I'm unsure how to continue.

dim added a comment.Jun 4 2020, 1:37 PM

For completeness sake, here are the valgrind outputs of clang rGf7f1abdb889 (llvmorg-11-init-16778) built by gcc 9.3.0-10ubuntu2 (in RelWithDebInfo mode):

And the exact same version of clang, built by clang 10.0.0-4ubuntu1:

.

dim added a subscriber: asbirlea.Jun 13 2020, 3:31 PM

Okay, after a long while of attempting to make a reproduction scenario, I finally managed one that consistently worked. As BSD make puts in different redirections for stderr when running in -j mode, it turned out that I could simply run the compilation twice on a terminal, first normally, then with stderr redirected to /dev/null, e.g. my test script is:

#!/bin/sh

exec </dev/tty >/dev/tty 2>&1

ulimit -c 0
trap "rm -f testcase[12].s testcase[12].s-* testcase-*.s.tmp" EXIT

${CLANG:-clang} -fintegrated-cc1 -Werror -O2 -std=gnu99 -fstack-protector-strong -S testcase.c -o testcase1.s || exit 1
${CLANG:-clang} -fintegrated-cc1 -Werror -O2 -std=gnu99 -fstack-protector-strong -S testcase.c -o testcase2.s 2>/dev/null || exit 1

cmp -s testcase1.s testcase2.s
test $? = 1 || exit 1

exit 0

(Here testcase.c is a copy of the .c file in https://www.andric.com/freebsd/clang/bug246630-repro.tar.xz)

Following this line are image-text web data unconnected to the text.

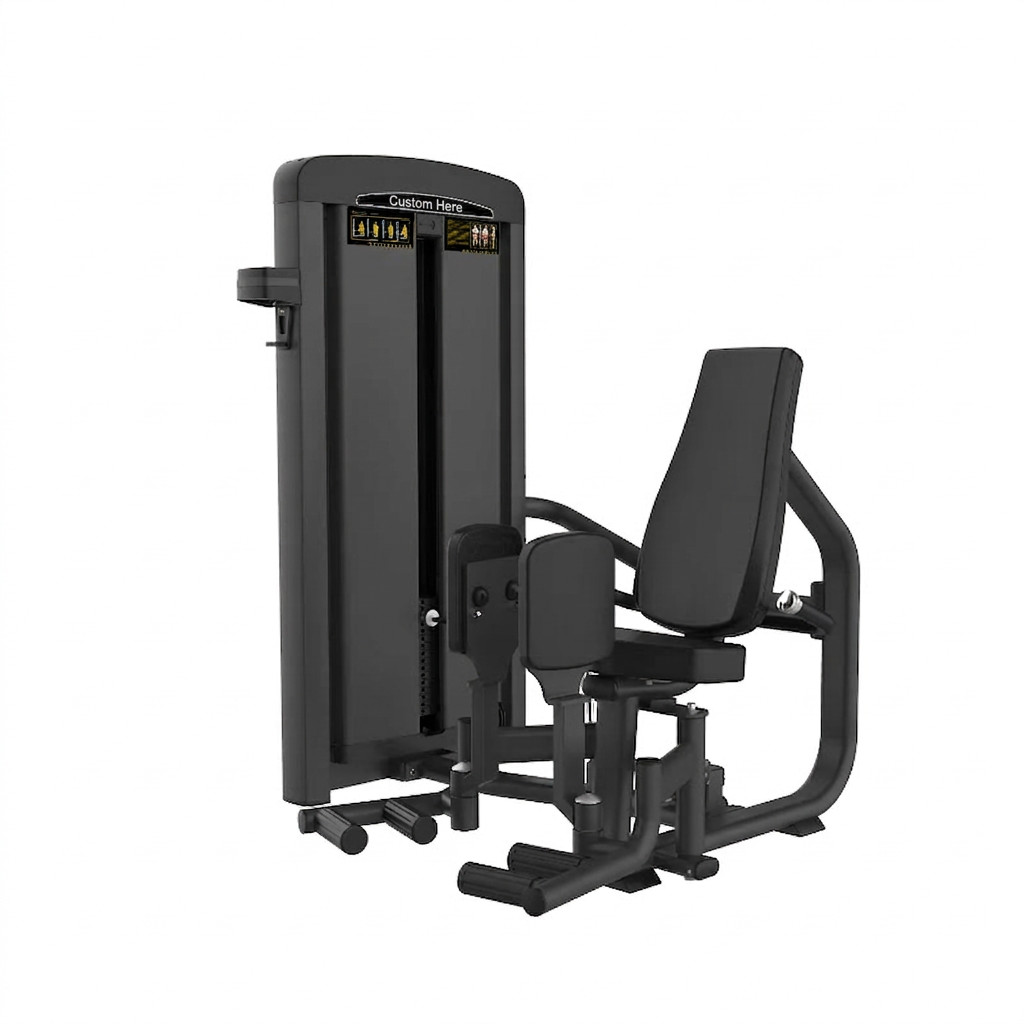 Hip Abductor / Adductor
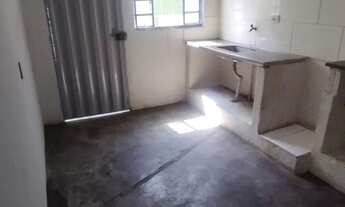 Imagem 5: CASA PARA LOCAÇÃO - BAIRRO: NOSSA SENHORA DAS GRAÇAS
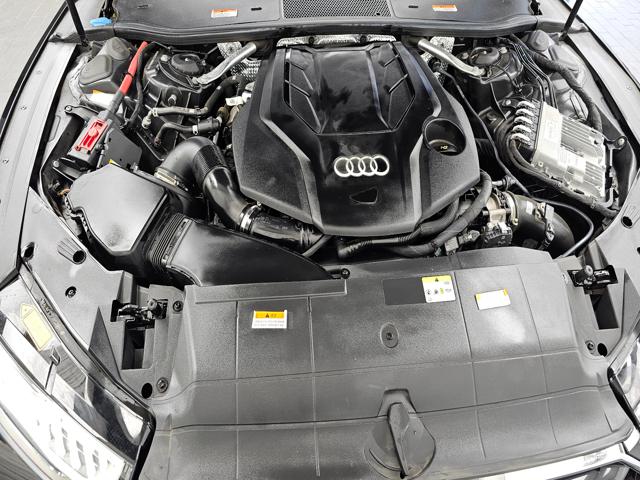 1073da6abb7940b7f0e70fca2307f620.jpeg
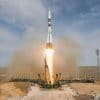 russie planifie mission jupiter propulsion nucleaire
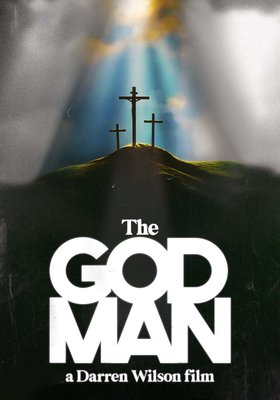 The Periwig-Maker Mad God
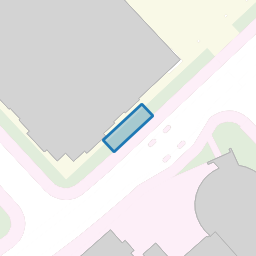 Perceel NDW00-A-6082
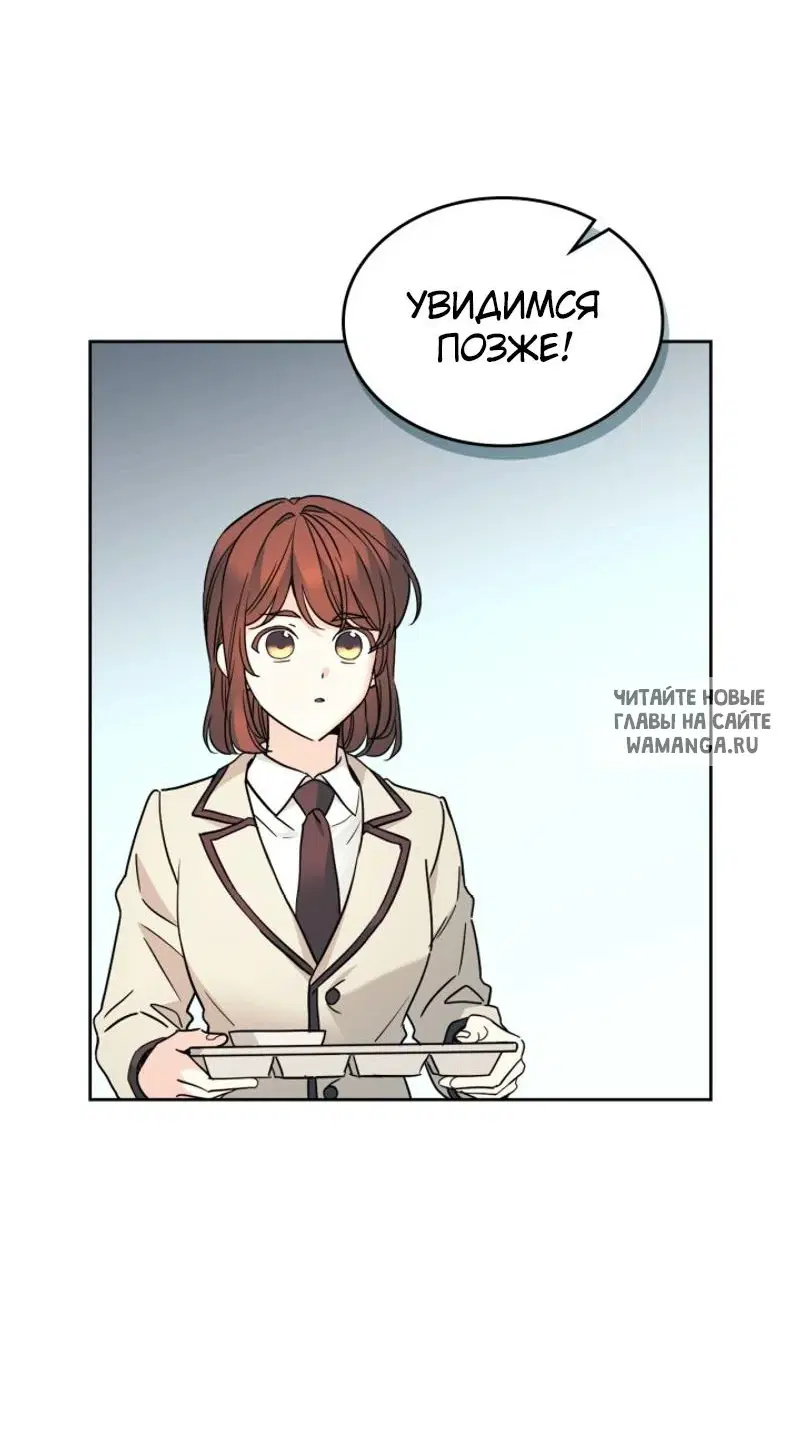 Page 45.000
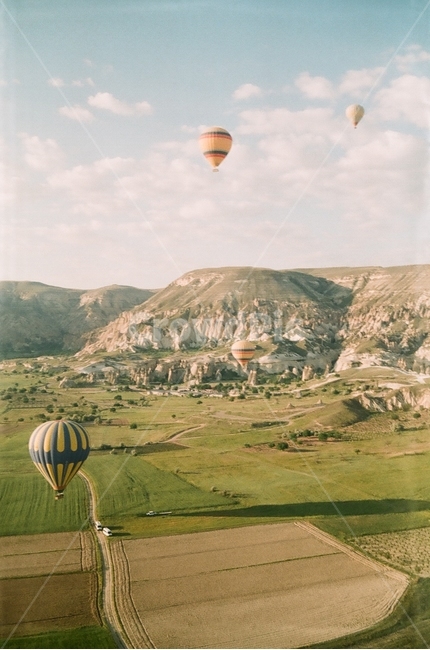터키,여행,카파도키아,열기구,하늘,해외,외국,세계,foreign,oversea,world,여행,휴가,traveling,vacation,trip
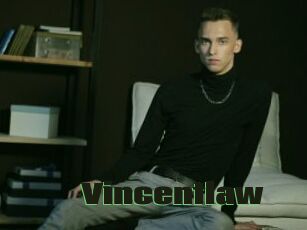 Vincentlaw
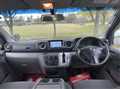 2016 Nissan NV350 Caravan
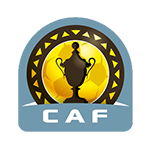 CAF Super Cup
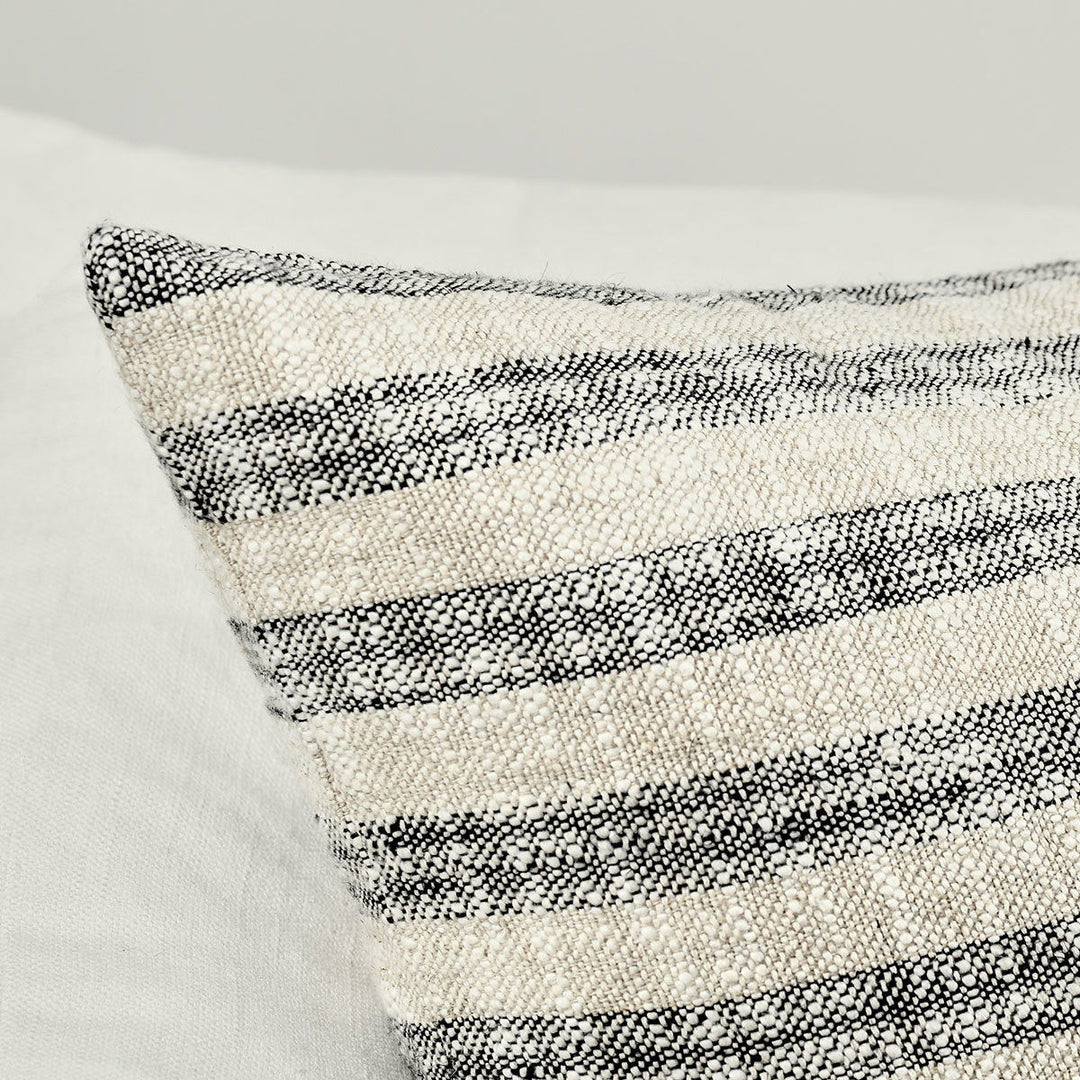 Villa Classics - TL Linna Pillow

Using this script I could finally bisect, and arrived at the following commit which fixes the issue, i.e. it makes the outputs of both clang runs the same again, and it is rG0cecafd647cc ("[BasicAA] Make BasicAA a cfg pass"). @asbirlea seems to indicate in the commit message that it influences the way the BasicAA pass is freed/invalidaed or not during runs?

So is this commit fixing it as an unintended side effect, or would it be according to expectation? If the latter, we should merge it into 10.0.1, and I will create a PR for it.